The Union League Club exhibit is anchored by the work of the late Anna Walinska (1906-1997), another artist whose work Ms. Jensen represents. One entire wall of the ground floor gallery is devoted to a selection of the artist’s work which covers eight decades.

Ms. Walinska founded the Guild Art Gallery on West 57th Street in 1935, where she gave Arshile Gorky his first New York one-man show. Major exhibitions of her work included solo shows at the Jewish Museum, the Museum of Religious Art, Cathedral of St. John the Divine, and the Ghetto Museum, Theresienstadt, Czech Republic. Her work has been shown at the Metropolitan Museum of Art and MOMA, and is in the permanent collection of the National Portrait Gallery, the National Museum of American Art, the United States Holocaust Memorial Museum, the Tel Aviv Museum of Art, and the Smithsonian Institution, among others.

The retrospective of Ms. Walinska’s work is a fascinating look at an artist with a wide range of styles who worked in many media — from ink drawings, charcoal, and pastels to oil paintings, watercolors, and collages. Her subjects range from simple daily life sketches and New York City scenes to portraits to abstracts. Her work spans a century of American modernism, paralleling the history of the New York School and the American Jewish experience.

Ms. Walinska’s niece, Rosina Rubin, who provided the exhibit’s selection, said, “This whole exploratory approach in her nature was a result of her being an artist at a time when there were only a handful of women artists. I think more and more of the women artists of that era will be receiving their due attention.”

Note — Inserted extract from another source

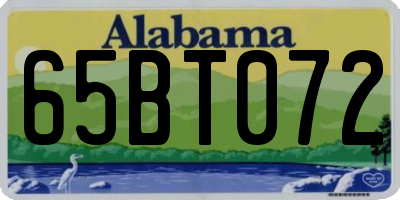 AL license plate 65BT072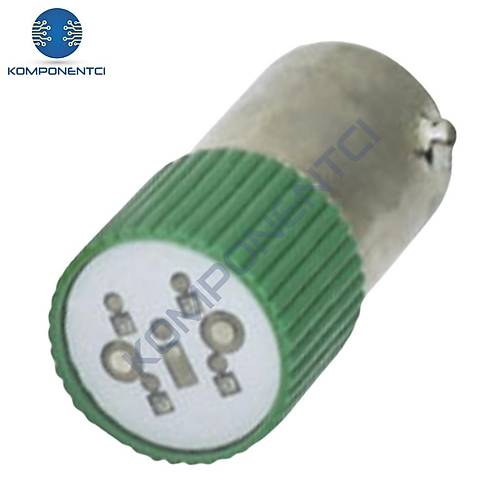 Gwest BA9SC-Y BA9S Led Ampul 220V Yeşil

The scope of Ms. Walinska’s work is reflected in the rest of the collection, which includes work by 10 other artists, including Margery Ryerson (1886-1989), whose paintings and etchings are in the permanent collections of the Smithsonian Institution, the Bibliotheque Nationale in Paris, and the Uffizi Gallery in Florence.

The exhibit includes works in oil, acrylics, graphite, and pastel and covers genres from  

abstraction to representational work. The Vineyard artists represent both ends of the style spectrum.

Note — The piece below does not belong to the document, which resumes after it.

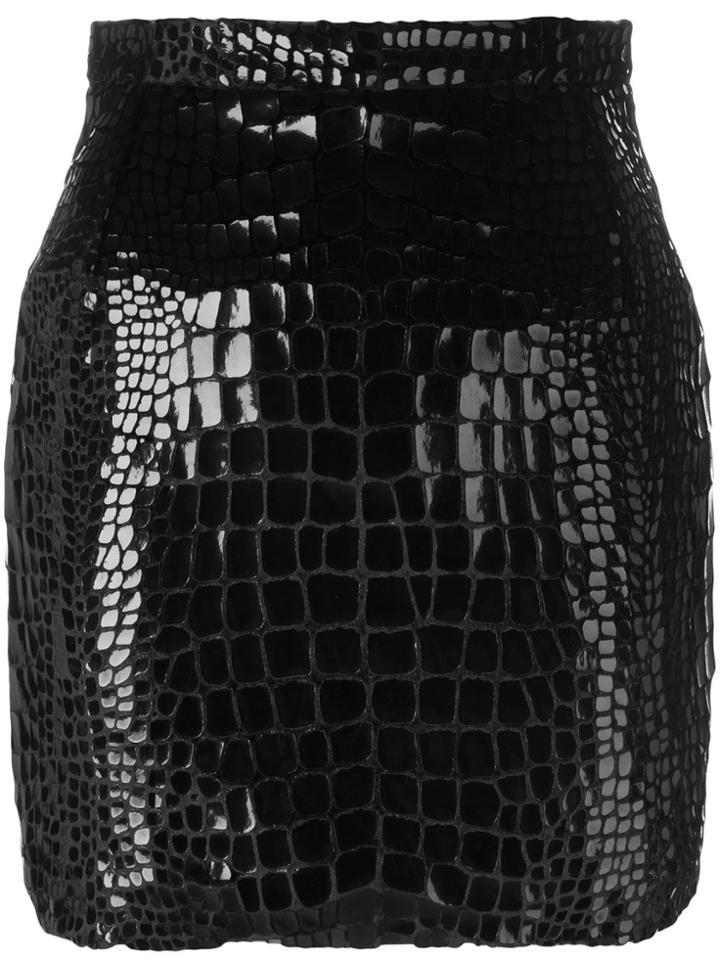 Saint Laurent Scale Effect 80's Mini Skirt - Black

Ms. Mercier works in oil, creating lovely landscapes and still lifes. Her paintings, inspired by the American Impressionists, feature rich pastel colors and an expert eye for light. Among the selection in the exhibit are New York City scenes created especially for the exhibit, as well as a number of Vineyard landscapes. Standouts include an engaging image of the Edgartown Harbor, captured from Ms. Mercier’s studio at the top of the Old Sculpin Gallery, and a stunning painting called Vytlacil’s View. The latter was painted on-site at the former home of the famed modernist painter Vaclav Vytlacil in Chilmark.

Ms. Mercier shows her work at the North Water Gallery in Edgartown and at the Old Sculpin Gallery, home of the Martha’s Vineyard Art Association, of which she is a longtime member.

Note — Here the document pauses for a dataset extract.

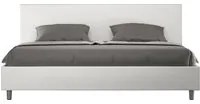 Letto Matrimoniale Extra Large 200x210 cm con Rete Adele Bianco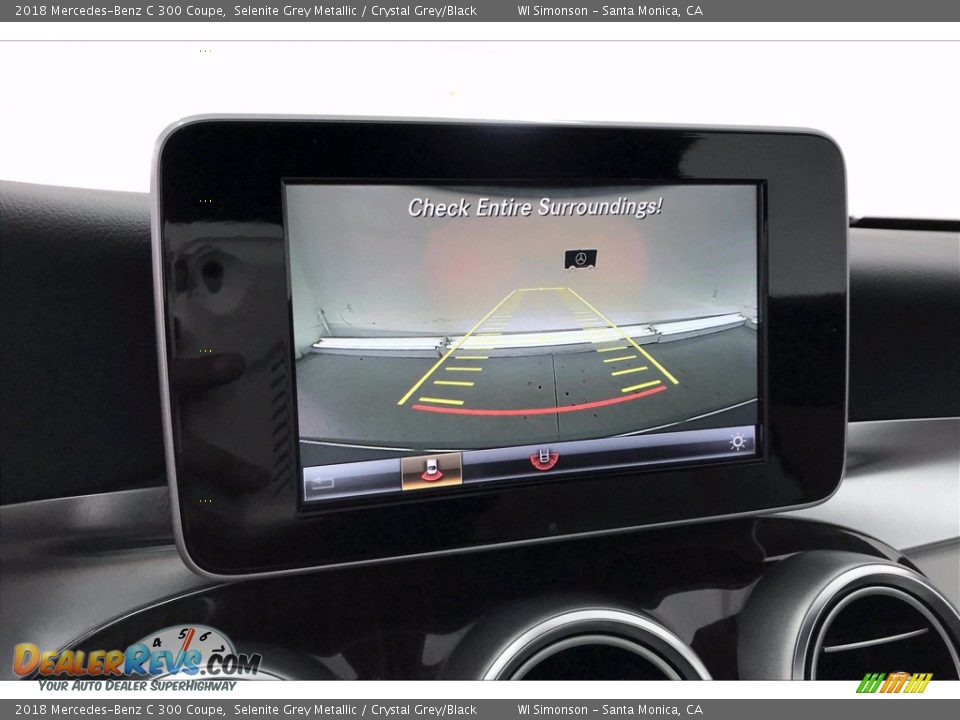 2018 Mercedes-Benz C 300 Coupe Selenite Grey Metallic / Crystal Grey/Black Photo #24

Ms. Jensen has known Ms. Mercier for many years. After showing her work at Ms. Jensen’s Edgartown art gallery, Ms. Mercier decided to stay on the Island, and has since established herself as one of the preeminent Vineyard landscape painters.

Ms. Rouff, on the other hand, is a purely abstract artist. The five works of hers on display at the Union League feature bold color, and a lot of texture for an acrylic artist. The work of the two women artists, hanging across from each other, provides a nice contrast at the entrance of the gallery.

Besides the aforementioned artists, the work of the remaining six women included in the exhibit was provided by another art advisor, Elizabeth Barker of EB Harrington & Co. Ms. Barker, a member of the private Union League Club, was the one who invited Ms. Jensen to curate the show.

The Union League Club was established after the end of Reconstruction by four prominent professionals and intellectuals, including landscape artist Frederick Law Olmsted. The club was founded to help preserve the Union and its members helped establish the forerunner of the American Red Cross, founded the Metropolitan Museum of Art, and assisted in building the Statue of Liberty and Grant’s Tomb. Today the club boasts an extensive art collection, hosts a number of cultural events, and promotes the arts, culture, and American history through four major awards.

 

“100 Years of Women Artists” will be on display through March 31, by appointment only, at the Union League Club, 38 East 37th Street, NYC.